= Tu hijo (1935 film) =

1935 Mexican film by José Bohr

Tu hijo (also known as Amor de madre) is 1935 film directed by José Bohr. It was written and produced by Eva Limiñana.

== Cast ==
The film's cast features several prominent names from the Golden Age of Mexican Cinema:
- Julio Villarreal as Julio
- Mercedes Prendes as Elisa
- Elena D'Orgaz as Rosita
- Julián Soler as Carlos
- Isabelita Blanch as Nanette
- Joaquín Busquets as Nicolás
- Consuelo Segarra as Tomasa the cook
- Elisa Asperó as Rita
- Alberto Galán as friend of Carlos
- Carlos López y Valles ("Carlos López Chaflán") as servant
- Claudio Arrau as pianist

== Plot ==
Julio (Villarreal) and Elisa (Prendes) are a childless couple. Julio is a successful lawyer, but their servants (Blanch and Busquets, who provide the film's comic relief) suspect Elisa of having an affair with Julio's friend Carlos.

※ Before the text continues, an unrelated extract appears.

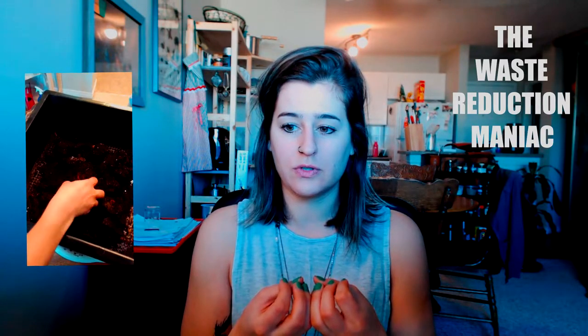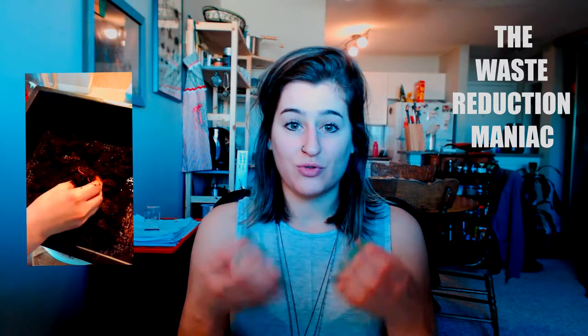The soil that the worms are in — that they produce — should not be dripping soaked wet, and should not be super dry like sand. It has to be a perfect environment for a worm just to go through it, but to achieve that it's kind of complicated, especially if you just started your bin.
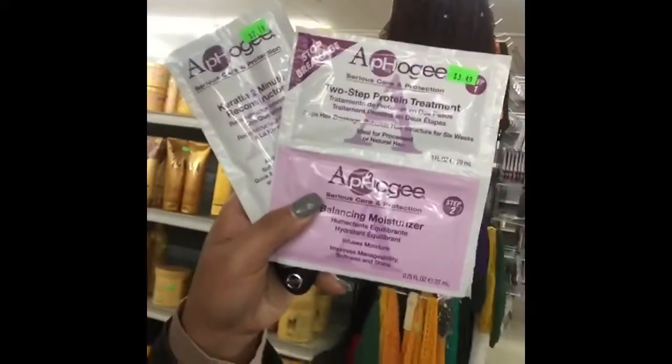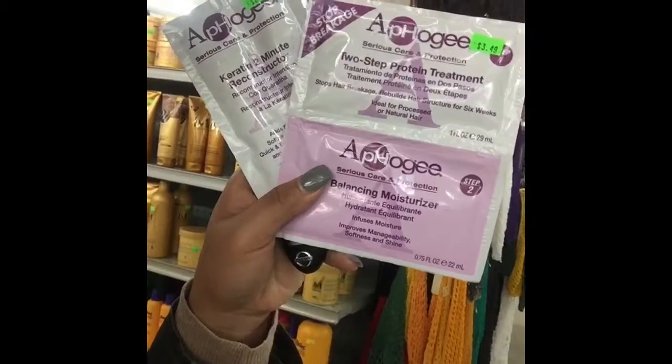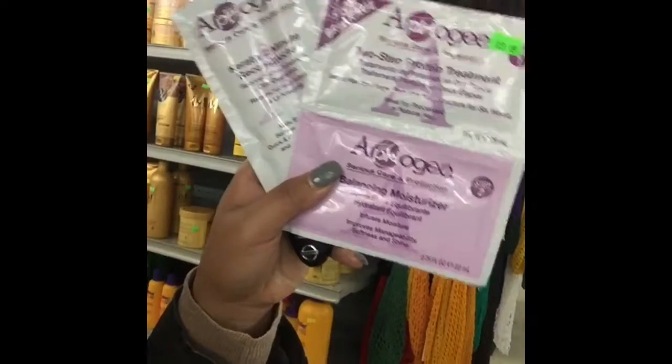I've decided that my curls are loose and not as coily as I used to see them. So I'm at the beauty supply store picking up the Apogee two-step treatment — balanced moisture and the keratin treatment. I don't know how these are going to work, so I'm just getting the sample size for now. It says they're suggested for rebuild, stops hair breakage, and rebuilds hair structure for six weeks. Let's see how this is going to work.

Following the death of Rita, Elisa's sister, their niece Rosita (D'Orgaz) comes to live with the couple. After Rosita becomes pregnant by Julio, Elisa banishes her from their home. Rosita dies in childbirth, and her baby son is adopted by Julio and a repentant Elisa.

==Reception==
In a 1935 review, U.S. newspaper El Tiempo de Laredo described Tu hijo as a "perfect" film, comparable to productions from European and American studios: "Tu Hijo is a moving story that will make mothers' hearts beat fast... A young mother sacrifices herself and her child for the happiness of others."
The New York Times was less enthusiastic, describing it as telling an "old, old story" and criticizing an excessive use of close-ups in the cinematography.